Circular Economy
Rexam and Carlsberg team up in new sustainability initiative
Beverage can maker Rexam has become one of the founding partners of Carlsberg’s new initiative, the ‘Carlsberg Circular Community’. The new initiative, which uses the ‘Cradle-to-Cradle’ design framework, sees Carlsberg working with its suppliers in pursuit of zero-waste. The concept of Cradle-to-Cradle looks at rethinking the design and production of traditional packaging material, with the aim of developing products that are optimised for recycling and reuse, whilst retaining quality and value. The Carlsberg Circular Community aims to increase the creation of sustainable innovations, create materials that are optimised for reuse and recycling, and support knowledge-sharing between companies. John Revess, Sustainability director at Rexam said that, “as a manufacturer, Rexam has a responsibility to work in an increasingly sustainable way. By partnering with our customers and the full supply chain, we can further improve the environmental impact of our industry as a whole.” (Edie)

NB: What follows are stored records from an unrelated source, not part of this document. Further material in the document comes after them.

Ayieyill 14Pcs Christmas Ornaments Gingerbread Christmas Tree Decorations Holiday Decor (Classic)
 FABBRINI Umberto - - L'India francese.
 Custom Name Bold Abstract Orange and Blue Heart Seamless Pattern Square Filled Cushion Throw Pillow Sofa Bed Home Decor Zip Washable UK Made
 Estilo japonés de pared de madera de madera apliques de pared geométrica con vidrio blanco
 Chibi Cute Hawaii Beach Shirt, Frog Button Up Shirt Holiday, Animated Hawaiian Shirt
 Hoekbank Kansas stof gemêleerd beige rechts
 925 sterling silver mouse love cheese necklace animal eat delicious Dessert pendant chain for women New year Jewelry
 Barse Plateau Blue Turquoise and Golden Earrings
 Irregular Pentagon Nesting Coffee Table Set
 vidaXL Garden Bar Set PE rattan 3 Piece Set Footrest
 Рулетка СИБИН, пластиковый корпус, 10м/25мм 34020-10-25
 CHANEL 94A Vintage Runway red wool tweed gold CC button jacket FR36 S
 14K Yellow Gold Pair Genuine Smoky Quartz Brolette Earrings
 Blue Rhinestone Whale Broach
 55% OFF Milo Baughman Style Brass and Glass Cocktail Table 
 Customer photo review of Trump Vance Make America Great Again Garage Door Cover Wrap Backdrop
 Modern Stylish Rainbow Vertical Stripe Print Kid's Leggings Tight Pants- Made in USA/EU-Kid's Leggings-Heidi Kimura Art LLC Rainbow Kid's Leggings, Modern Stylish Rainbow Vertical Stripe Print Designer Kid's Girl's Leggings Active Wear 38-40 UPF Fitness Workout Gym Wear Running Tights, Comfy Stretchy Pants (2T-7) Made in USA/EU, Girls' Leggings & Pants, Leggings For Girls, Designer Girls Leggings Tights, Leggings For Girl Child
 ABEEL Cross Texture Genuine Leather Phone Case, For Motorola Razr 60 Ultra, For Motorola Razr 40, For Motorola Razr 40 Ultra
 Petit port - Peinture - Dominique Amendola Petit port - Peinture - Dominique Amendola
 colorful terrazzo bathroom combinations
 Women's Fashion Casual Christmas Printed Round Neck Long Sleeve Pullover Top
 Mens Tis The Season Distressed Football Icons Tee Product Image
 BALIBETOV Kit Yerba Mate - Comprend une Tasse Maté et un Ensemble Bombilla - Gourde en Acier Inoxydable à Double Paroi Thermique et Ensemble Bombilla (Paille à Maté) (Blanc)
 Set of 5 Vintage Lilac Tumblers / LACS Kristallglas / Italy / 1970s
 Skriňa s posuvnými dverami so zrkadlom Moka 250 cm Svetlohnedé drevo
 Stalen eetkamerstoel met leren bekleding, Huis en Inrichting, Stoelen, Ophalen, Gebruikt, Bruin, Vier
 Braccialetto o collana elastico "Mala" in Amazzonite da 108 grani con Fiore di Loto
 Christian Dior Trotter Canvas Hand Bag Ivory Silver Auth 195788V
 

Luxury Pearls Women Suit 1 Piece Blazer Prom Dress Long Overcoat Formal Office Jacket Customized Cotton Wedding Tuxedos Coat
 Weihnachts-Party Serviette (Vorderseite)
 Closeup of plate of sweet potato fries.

Unilever joins Ellen MacArthur Foundation as a Global Partner
Unilever will join Cisco, Kingfisher, Philips and Renault as the latest Global Partner to the Ellen MacArthur Foundation. This group represents key industry players working to pilot and test circular economy practices at scale, and will support Unilever in unlocking the value of the circular economy within the fast-moving consumer goods (FMCG) industry. Paul Polman, CEO of Unilever, has long viewed the circular economy model as a key opportunity for business development. Commenting on the topic he said that in a circular economy, “products do not quickly become waste, but are reused to extract their maximum value before safely and productively returning to the biosphere. Most importantly for business leaders, such an economy can deliver growth.” According to the Ellen MacArthur Foundation, the circular economy represents a US $700 billion opportunity for the FMCG sector. (Ellen MacArthur Foundation)
Employees
Japan ponders quotas for women in politics
Women are to be put at the heart of Japan’s economic reforms, with the aim of filling almost a third of top civil service jobs by 2020. Prime Minister, Shinzo Abe, said that, “the female labour force in Japan is the most under-utilised resource. By 2020, we will make sure 30 per cent of leading public sector positions are occupied by women.” Figures from a Goldman Sachs report state that ramping up the number of women in the workforce could boost Japan’s gross domestic product growth by as much as 15 percent. According to a government report, in Japan, the world’s third-biggest economy, women make up just 11% of lawmakers in the lower house of parliament, putting it 121st out of 186 nations in terms of female representation. A spokesman from the government, who headed up the report, said that, “we need more positive action to increase our number of women leaders and increase our number of role models.” (Wall Street Journal, Times*)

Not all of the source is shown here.